The Crovan dynasty, from the late 11th century to the mid 13th century, was the ruling family of an insular kingdom known variously in secondary sources as the Kingdom of Mann, the Kingdom of the Isles, and the Kingdom of Mann and the Isles. The eponymous founder of the dynasty was Godred Crovan, who appeared from obscurity in the late 11th century, before his takeover of the Isle of Man and Dublin. The dynasty was of Gaelic-Scandinavian origin, descending from a branch of the Uí Ímair, a dominant kindred in the Irish Sea region which first appears on record in the late 9th century.

Leading members of the Crovan dynasty formed marriage-alliances with the Irish and Norwegian kings, as well as Hebridean, Gallovidian, and Anglo-Norman lords, and possibly Welsh princes as well. Surrounded by sometimes threatening English, Norwegian and Scottish monarchs, and various warlords from the western seaboard of Scotland, the leading members of the dynasty at times tactfully recognised the overlordship of certain kings of Norway and England, and even the Papacy. The military might of the dynasty were their fleets of galleys, and their forces battled in Ireland, the Hebrides, Wales, and the Isle of Man. The importance of the galley to the sea-Kings of the Crovan dynasty is illustrated in its implementation upon seals that certain members are known to have used.
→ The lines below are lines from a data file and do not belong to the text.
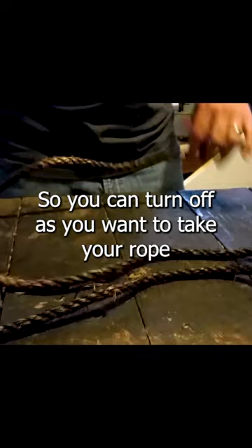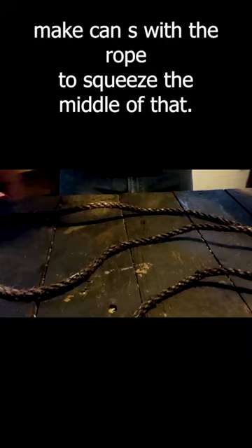You want to take your rope and lay it down on a surface, and you want to make an S. Make an S with the rope. Squeeze the middle of that, then you're going to take that and wrap it around the tube.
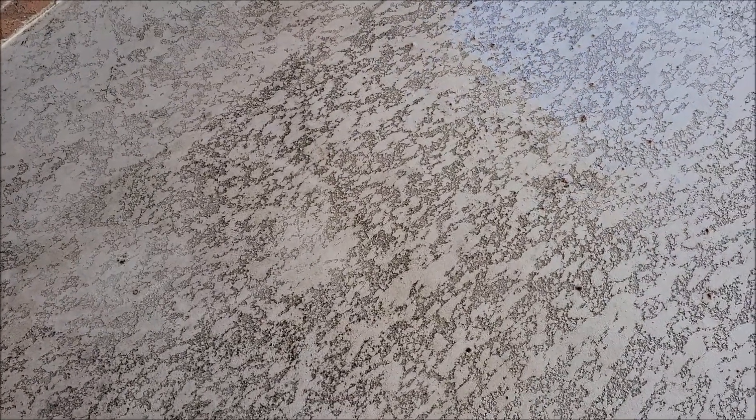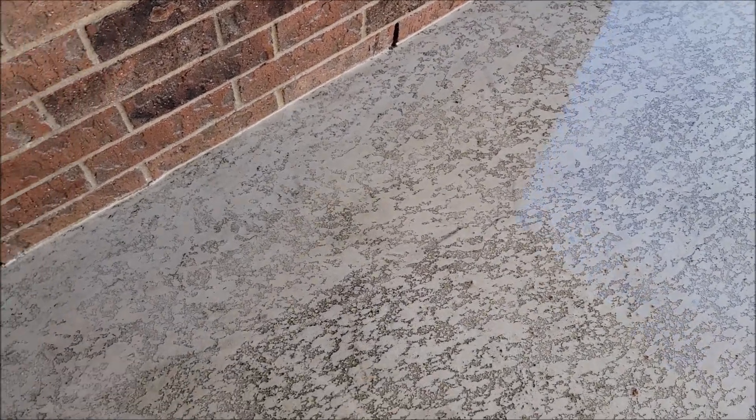So yeah, if you need to clean off your back textured patio — as you can see, this is just some of the dirt that it's been spraying up out of there. It's actually cleaner there than it is the rest of it. But yeah, did a pretty good job.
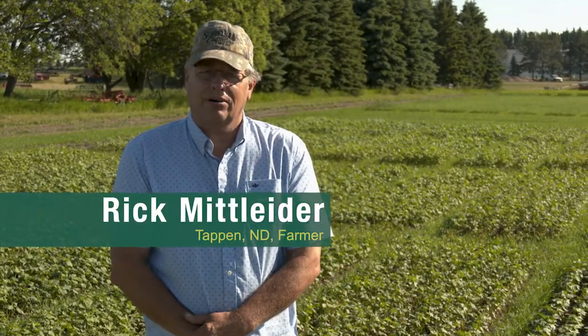Hi, my name is Rick Mitleider. I'm an organic farmer from Tappan, North Dakota. We've been certified organic for 35 plus years and we use buckwheat in our organic rotation.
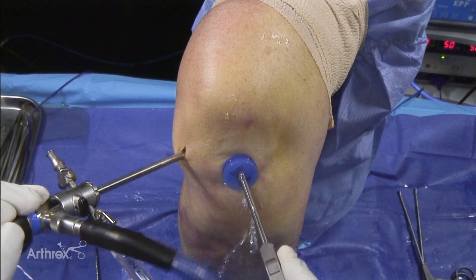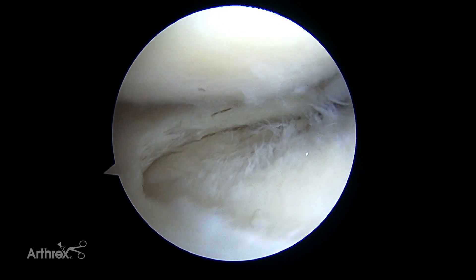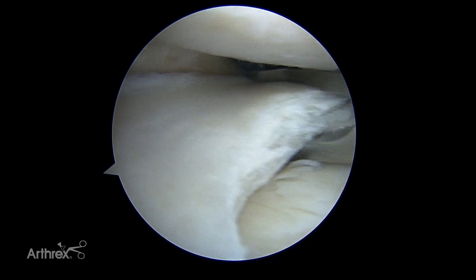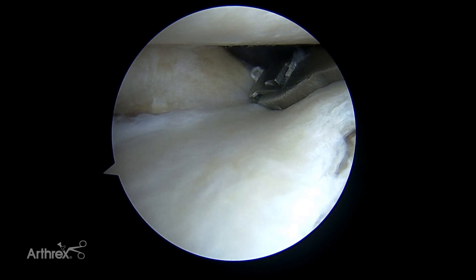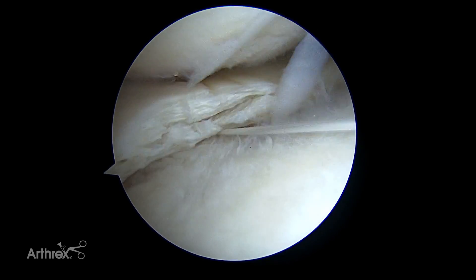I'm going to go in through a passport cannula first for ease of suture management. I'm going to come across here and go circumferentially around this — we're going to go into the very posterior part of the meniscus and pass our stitch here. As the fast pass, it'll grab the suture and I can come back around it.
Alex Woolf believes the Clann Somhairle can be regarded as a female line cadet branch of the Crovan dynasty.

After Somerled's coup, the Crovan dynasty were temporarily deposed from all except the Isle of Man, and Dublin. On Somerled's death, they were allowed to inherit part of the realm : Lewis, Harris, and Skye.

==Dynasts==
- Godred Crovan, died 1095
- Logmann, d. 1103, son of Godfred
- Olaf, d. 1153, son of Godfred
- Godred, d. 1187, son of Olaf, who lost most of the Kingdom to Somerled's family
- Reginald, 1164, son of Olaf, half-brother of Godred, he and successors ruled only in Northern Isles
- Godred, restored
- Reginald, d. 1229, son of Godred
- Olaf the Black, s. 1237, son of Godred, half-brother of Reginald
- Godred, d. 1231, son of Reginald
- Harald, d. 1248, son of Olaf
- Reginald, d. 1249, son of Olaf
- Harald, 1249, son of Godred
- Magnus, died 1265, son of Olaf

In Magnus's lifetime, Ewan MacDougall, a descendant of Somerled, was appointed king of the Hebrides by Haakon, the Norwegian king. Magnus remained titular king of Man. In the year after Magnus died, in 1266, the Treaty of Perth was signed, transferring overlordship of the Isles and Man to the Scottish king.